The 2009 version of this is a search engine that returns ten links. The 2026 version is a search engine that returns one sentence, three links, and an honest I do not know when the corpus is silent. The honest I do not know is the part most teams skip. It is also the part that makes the system trustable.
An agent that never refuses to answer is not confident. It is broken. Build the refusal path before you build the answer path.
The pattern under all three
None of these systems treat the model as the decision-maker. SQL decides who to chase. The migration plan is owned by a human. The refusal threshold is a number in a config file. The model writes prose, reads structure, and asks for help when it should. It is jQuery in 2026 clothes.
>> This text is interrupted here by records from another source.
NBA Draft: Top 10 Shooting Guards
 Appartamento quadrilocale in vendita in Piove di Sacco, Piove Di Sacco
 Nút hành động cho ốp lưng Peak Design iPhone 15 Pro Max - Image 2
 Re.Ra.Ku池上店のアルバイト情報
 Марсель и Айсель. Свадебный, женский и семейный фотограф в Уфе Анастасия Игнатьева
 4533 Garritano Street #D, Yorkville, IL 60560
It handles the cross-browser quirks of natural language so the rest of the stack can stay boring.
Read the HN thread again with that lens. The complaints about magic are really complaints about systems where the model was given authority it had not earned. The complaints about cost are really complaints about prompts that should have been SQL. The complaints about junior developers are really complaints about a hiring market that has not caught up with what the tool actually is.
When we built the invoice-chase agent for a Rotterdam accounting firm, the thing we ran into was exactly this: the first version let the model decide which clients to chase, and it occasionally chased people who had paid by bank transfer that morning. We moved the decision into a SQL query against the AR ledger and the embarrassing emails stopped. The model still writes the prose. It just does not pick the targets.
The smallest thing you can do today: open the last AI agent you shipped, find one place where the model decides something a SQL query could decide, and move that decision out of the prompt and into the database. Then read the 2009 jQuery thread on HN and notice you have read it before.
Key takeaway
The HN anti-AI thread is the 2009 anti-jQuery thread rerun. Build agents like jQuery utility belts, not oracles, and the skeptics quietly stop arguing.
FAQ
Why compare AI agents to jQuery instead of something newer?
Because the argument shape is identical. The 2009 skeptics said jQuery was magic that hid bad practice. They were right in the small and wrong about whether it would ship. The current AI thread is the same beat.
What does a deterministic spine actually mean in an agent?
The hard decisions (who to chase, what to migrate, when to refuse) live in code or config a human can read line by line. The model only handles the soft work: writing prose, reading unstructured text, asking for help.
How do you measure whether an agent is earning its cost?
Two numbers. Hours saved per week against a baseline, and refusal rate. An agent with zero refusals is over-reaching. An agent with no time saved is decorative. You want both numbers visible on a dashboard.